Warehouses
The warehouse is an essential component of Databend Cloud. A warehouse represents a set of compute resources including CPU, memory, and local caches. You must run a warehouse to perform SQL tasks such as:
- Querying data with the SELECT statement
- Modifying data with the INSERT, UPDATE, or DELETE statement
- Loading data into a table with the COPY INTO command
Running a warehouse incurs expenses. For more information, see Warehouse Pricing.
Warehouse Sizes
In Databend Cloud, warehouses are available in various sizes, each defined by the maximum number of concurrent queries it can handle. When creating a warehouse, you can choose from the following sizes:
Size | Max. Concurrency | Recommended Use Cases |
---|---|---|
XSmall | 2 | Best for simple tasks like testing or running light queries. Suitable for small datasets (around 50GB). |
Small | 4 | Great for running regular reports and moderate workloads. Suitable for medium-sized datasets (around 200GB). |
Medium | 8 | Ideal for teams handling more complex queries and higher concurrency. Suitable for larger datasets (around 1TB). |
Large | 16 | Perfect for organizations running many concurrent queries. Suitable for large datasets (around 5TB). |
XLarge | 32 | Built for enterprise-scale workloads with high concurrency. Suitable for very large datasets (over 10TB). |
Multi-Cluster Scaling | Up to Unlimited | Automatically scales out and scales in to match your workload, providing the most cost-efficient way to improve concurrency based on your needs. |
To choose the appropriate warehouse size, Databend recommends starting with a smaller size. Smaller warehouses may take longer to execute SQL tasks compared to medium or large ones. If you find that query execution is taking too long (for example, several minutes), consider scaling up to a medium or large warehouse for faster results.
Managing Warehouses
An organization can have as many warehouses as needed. The Warehouses page displays all the warehouses in your organization and allows you to manage them. Please note that only account_admin
can create or delete a warehouse.
Suspending / Resuming Warehouses
A suspended warehouse does not consume any credits. You can manually suspend or resume a warehouse by clicking the or button on the warehouse. However, a warehouse can automatically suspend or resume in the following scenarios:
- A warehouse can automatically suspend if there is no activity, based on its auto-suspend setting.

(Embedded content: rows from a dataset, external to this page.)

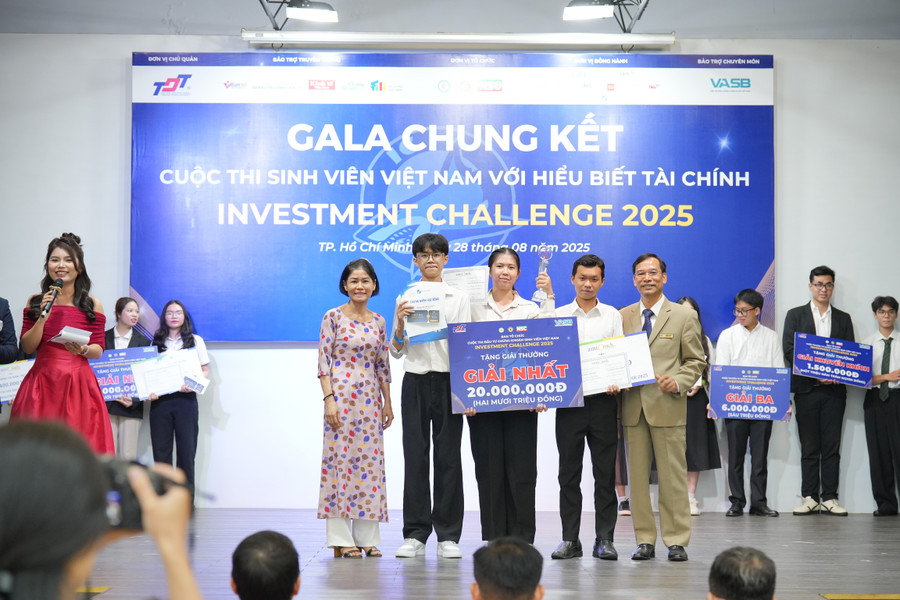 Ban tổ chức trao giải Nhất cuộc thi cho đội YIELD HUNTERS. giai-nhat.jpg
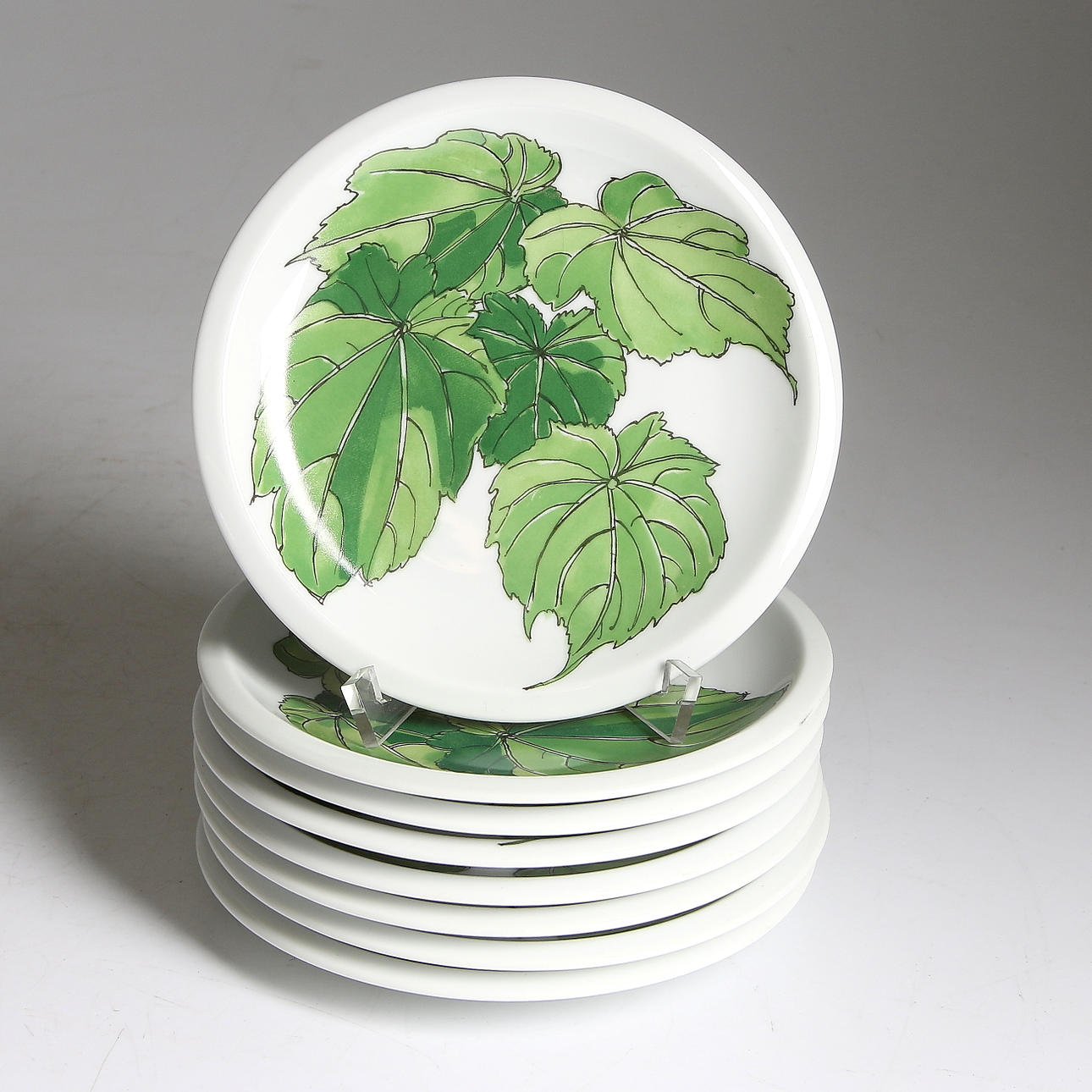 ASSIETTER, 8 st, porslin, "Midsommar", Marguerite Walfridsson, för IKEA, 1980-tal.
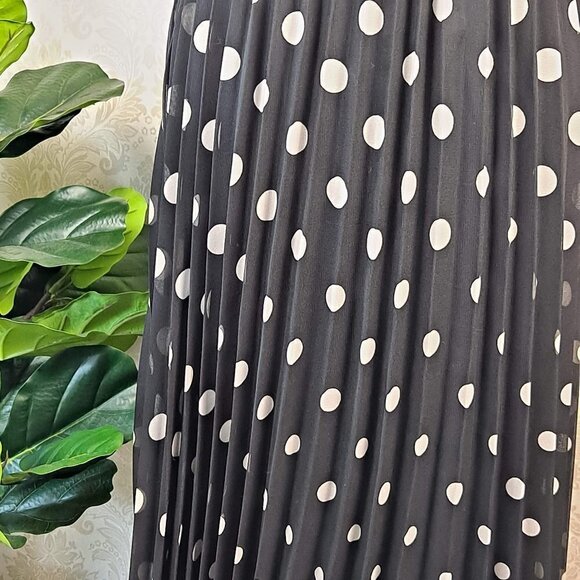 Truly 4 You Size Medium Black Pleated White Polka Dot Skirt Elastic Waist NWT - Picture 2 of 9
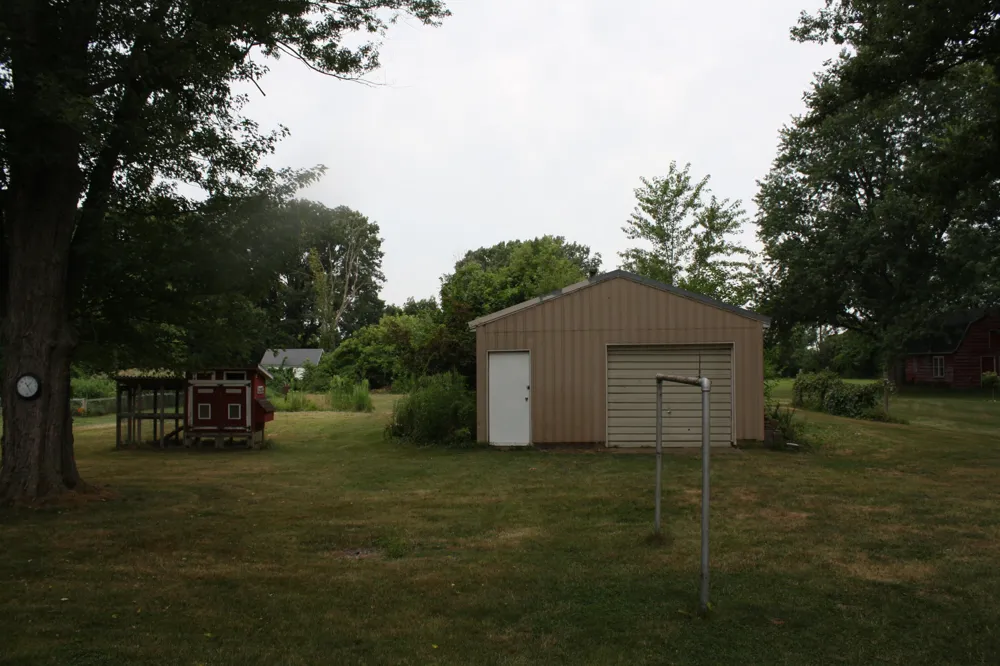 605 64th Avenue Zeeland Charter Township, MI 49464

- When you select a suspended warehouse to perform a SQL task, the warehouse will automatically resume.
Performing Bulk Operations
You can perform bulk operations on warehouses, including bulk restart, bulk suspend, bulk resume, and bulk delete. To do so, select the warehouses for bulk operations by checking the checkboxes in the warehouse list, and then click the ellipse button for the desired operation.
Best Practices
To effectively manage your warehouses and ensure optimal performance and cost-efficiency, consider the following best practices. These guidelines will help you size, organize, and fine-tune your warehouses for various workloads and environments:
-
Choose the Right Size
- For development & testing, use smaller warehouses (XSmall, Small).

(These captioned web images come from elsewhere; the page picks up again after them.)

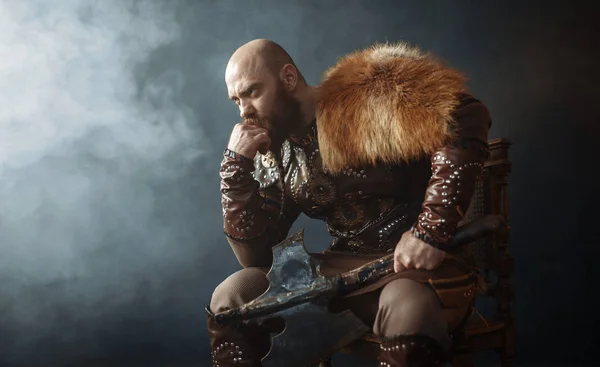 Viking Réfléchi Avec Hache Vêtue Vêtements Nordiques Traditionnels Assis Sur — Photo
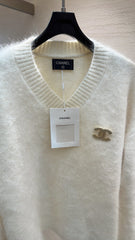 Sheep wool V-neck sweater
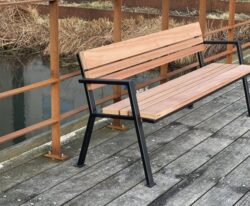 sedia bænk , park bænk med mahogni planker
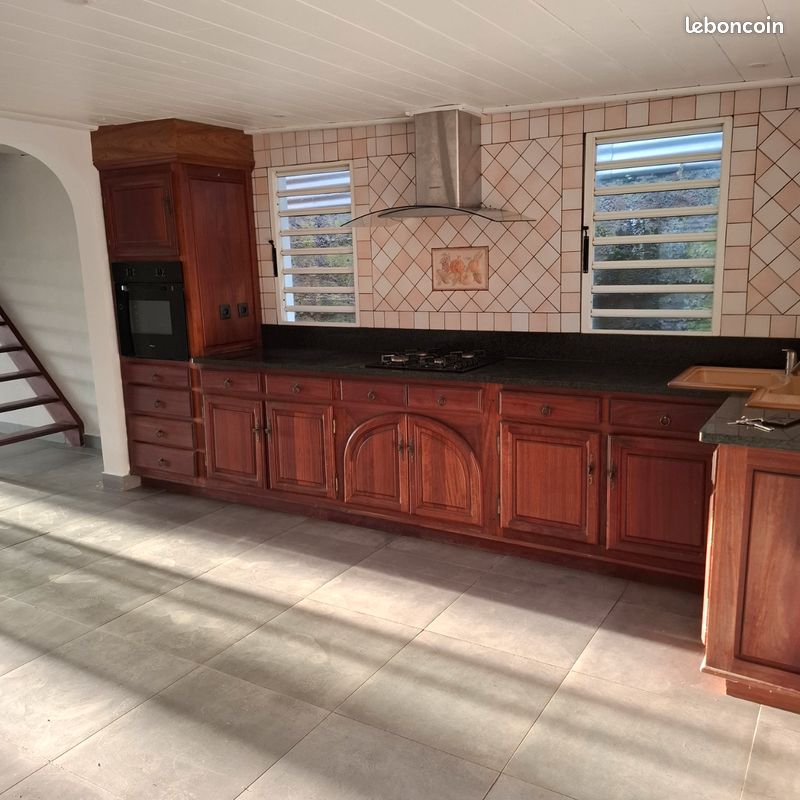 Maison 7 pièces 120 m² · à Saint-Paul · 120 m² · 1 750 €/mois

- For production, opt for larger warehouses (Medium, Large, XLarge).
-
Separate Warehouses
- Use separate warehouses for data loading and query execution.

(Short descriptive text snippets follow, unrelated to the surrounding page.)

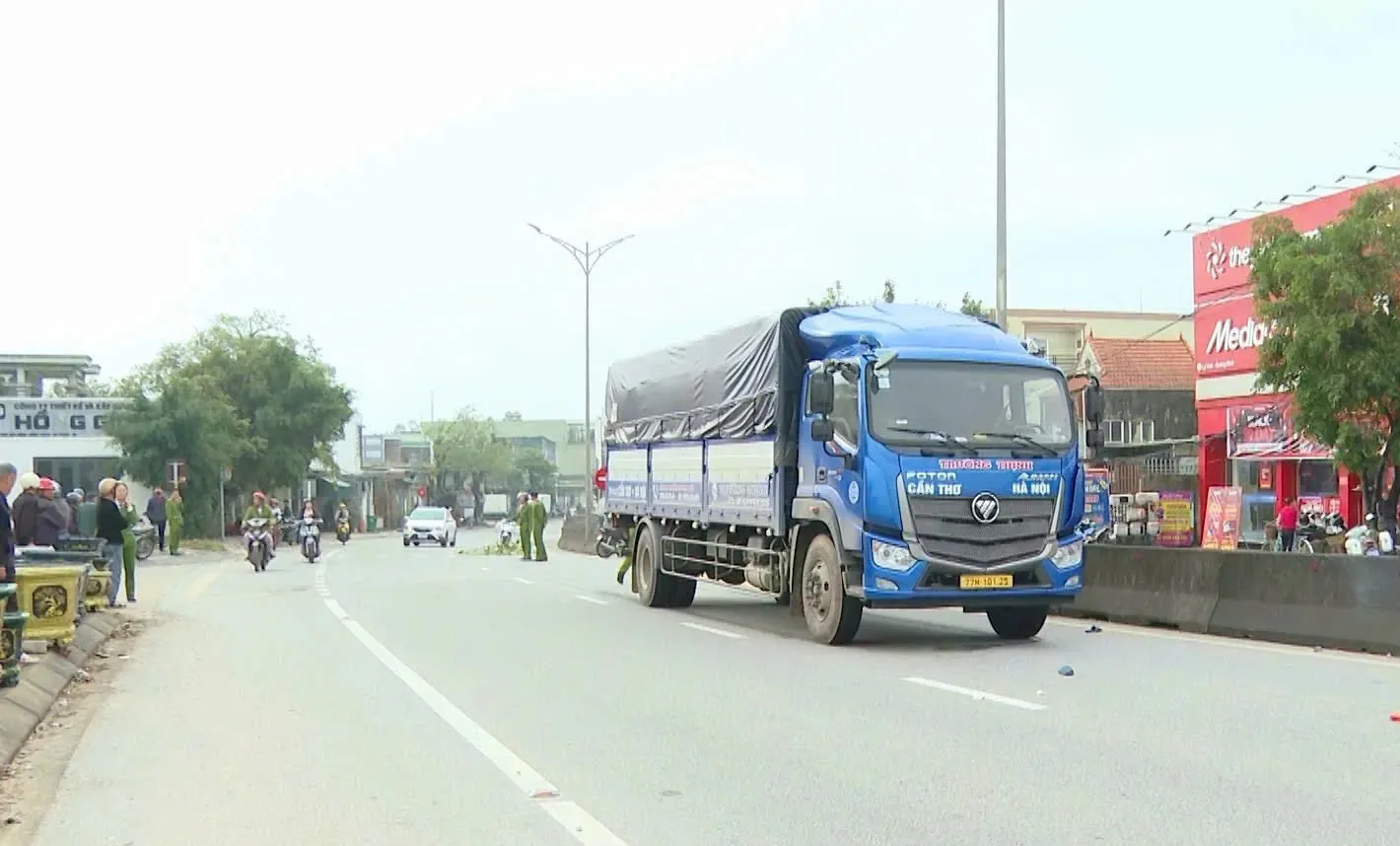 Tai nạn giao thông mới nhất 10/12/2025: đi bộ băng qua quốc lộ 1, cụ bà bị xe tải tông tử vong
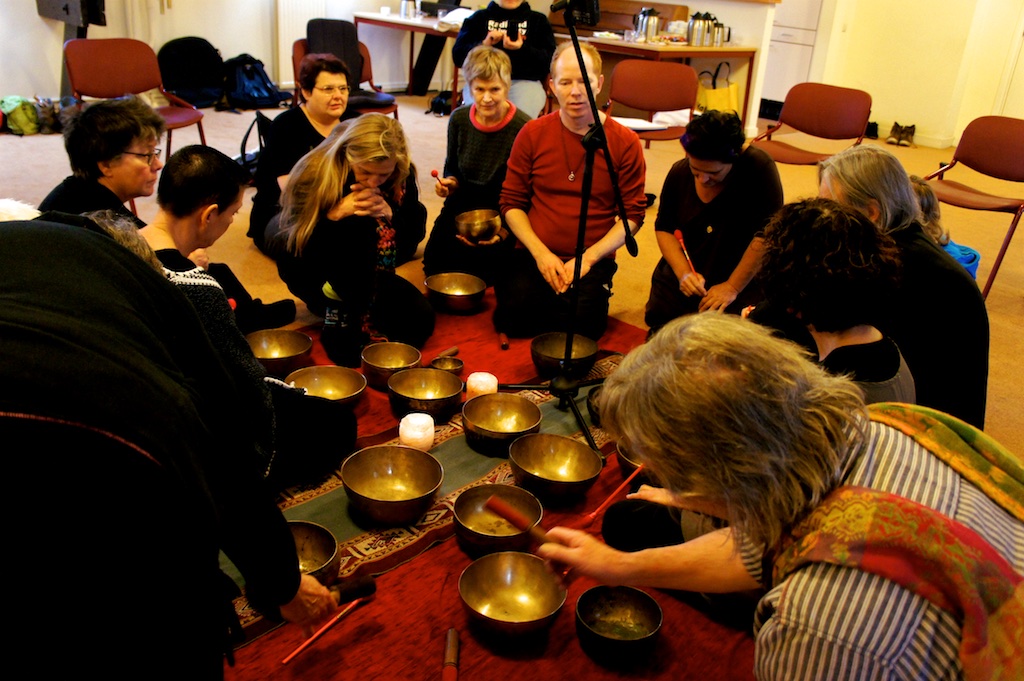 Coen teaching a Tibetan singing bowl circle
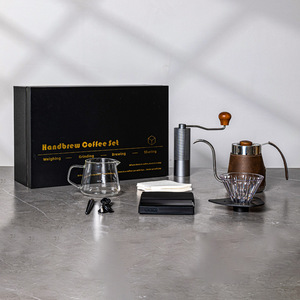 Juego de café Handbrew de seis piezas, kit para preparar café por goteo con molinillo, tetera, báscula y servidor de vidrio para preparar café en casa u oficina. - Product Image 1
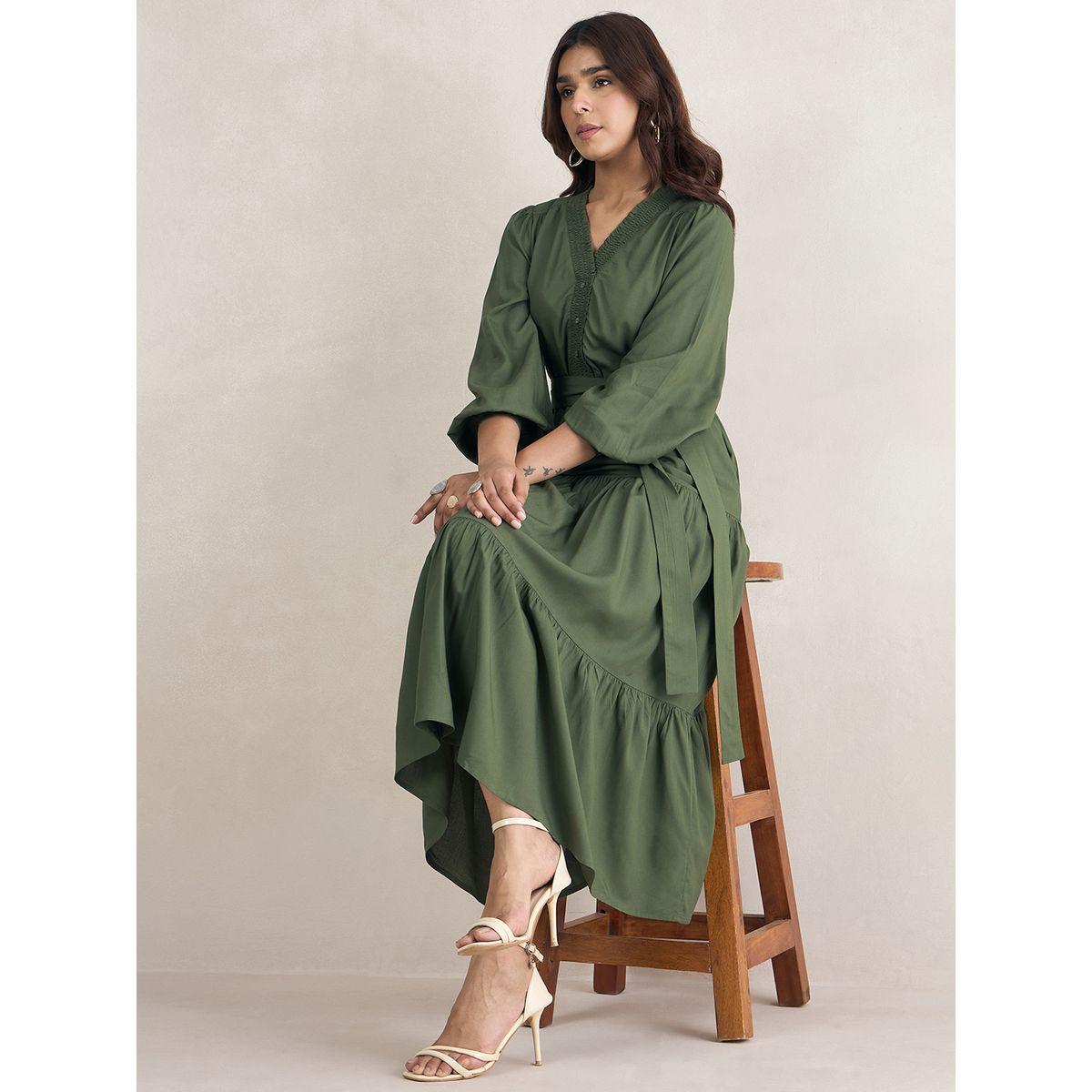 فستان طويل بكسرات مع حزام خصر فِميلا × ستايلي-women-clothing-dresses-image-4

- Create distinct warehouses for development, testing, and production environments.
-
Data Loading Tips
- Smaller warehouses (Small, Medium) are suitable for data loading.
- Optimize file size and the number of files to enhance performance.
-
Optimize for Cost & Performance
- Avoid running simple queries like
SELECT 1
to minimize credit usage. - Use bulk loading (
COPY
) rather than individualINSERT
statements. - Monitor long-running queries and optimize them to improve performance.
- Avoid running simple queries like
-
Auto-Suspend
- Enable auto-suspend to save credits when the warehouse is idle.
-
Disable Auto-Suspend for Frequent Queries
- Keep warehouses active for frequent or repetitive queries to maintain cache and avoid delays.
-
Use Auto-Scaling (Business & Dedicated Plans Only)
- Multi-cluster scaling automatically adjusts resources based on workload demand.
-
Monitor & Adjust Usage
- Regularly review warehouse usage and resize as needed to balance cost and performance.
Warehouse Access Control
Databend Cloud allows you to manage warehouse access with role-based controls by assigning a specific role to a warehouse, so only users with that role can access the warehouse.
Warehouse access control is not enabled out of the box. To enable it, go to Support > Create New Ticket and submit a request.
To assign a role to a warehouse, select the desired role in the Advanced Options during the warehouse creation or modification process:
-
The two Built-in Roles are available for selection, and you can also create additional roles using the CREATE ROLE command. For more information about Databend roles, see Roles.
-
Warehouses without an assigned role default to the
public
role, allowing access to all users. -
You can grant a role to a user (Databend Cloud login email or SQL user) using the GRANT command, or, alternatively, assign a role when inviting the user to your organization. For more information, see Inviting New Members. This example grants the role
manager
to the user with the emailname@example.com
, allowing access to any warehouse assigned to themanager
role:Examples:GRANT ROLE manager to 'name@example.com';
Multi-Cluster Warehouses
A multi-cluster warehouse automatically adjusts compute resources by adding or removing clusters based on workload demand. It ensures high concurrency and performance while optimizing cost by scaling up or down as needed.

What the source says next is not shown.